Course Meeting Times

Lectures: 2 sessions / week, 1.5 hours / session

Syllabus Archive

The following syllabi come from a variety of different terms. They illustrate the evolution of this course over time, and are intended to provide alternate views into the instruction of this course.

Fall 2008, Ian Chapman (PDF)


This subject examines the interactions of East Asia with the rest of the world and the relationships of each of the East Asian countries with each other, from ca. 1500 to 2000 A.D. The primary focus is on China and Japan, with some reference to Korea, Vietnam, and Central Asia. We ask how international diplomatic, commercial, military, religious, and cultural relationships joined with internal processes to direct the development of East Asian societies, and we address perceptions and misperceptions of each other by East Asians and foreigners.

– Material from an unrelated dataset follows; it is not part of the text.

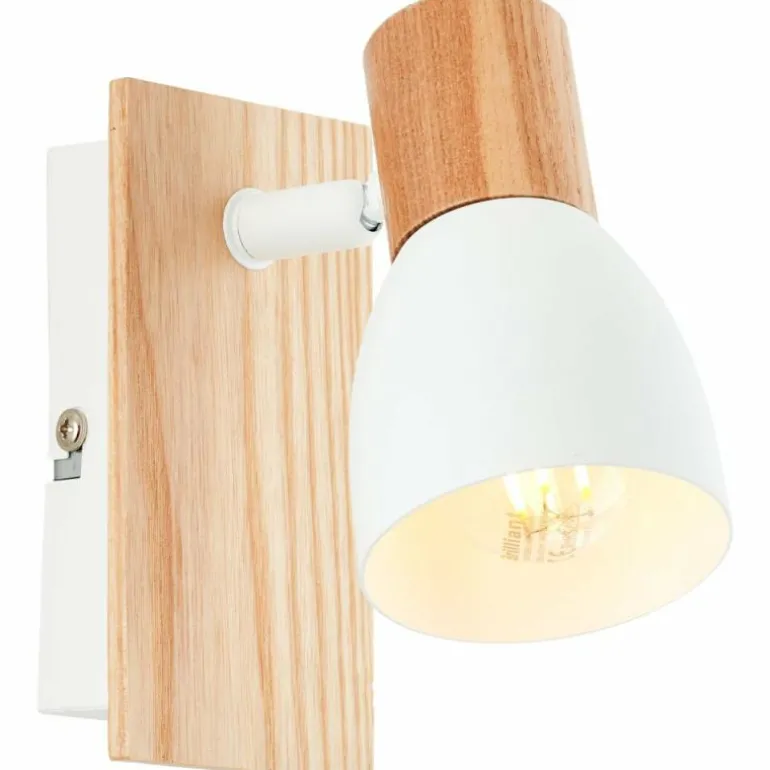 Applique murale Brilliant Daintree Écru, Blanc, 1 lumière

This subject sweeps over large regions of time and space. It aims to put the contemporary discussion of globalization in historical perspective by examining the long-lasting interactions of East Asian countries with each other and the rest of the world. These connections were economic, political, cultural, and psychological. Topics include: global silver and trade flows, warfare and military technology, imperial domination and revolutionary resistance, and the role of historical memory, as in Nanking or Hiroshima. Sources include historical documents, pictures, films, and memoirs.


I expect from you:

  • Regular attendance at class and completion of reading assignments, and participation in weekly discussion meetings.
  • Three middle length papers (6-8 pages each) discussing the general themes of each section of the course. Sample questions will be provided in advance.
  • Midterm exam: a quiz on basic geography and important dates.
  • Final Exam, covering the material taught during the term.

Grade Determination


3 Papers 15% each
Midterm 10%
Discussion 20%
Final Exam 25%


A Note on Plagiarism: Using someone else's work without acknowledgment is plagiarism. If you commit this crime, you will at the least get a failing grade on the paper, and at worst fail the course and be taken to the Committee on Discipline. Later, I will give you more detailed instructions how to cite sources and how to avoid unintentional plagiarism.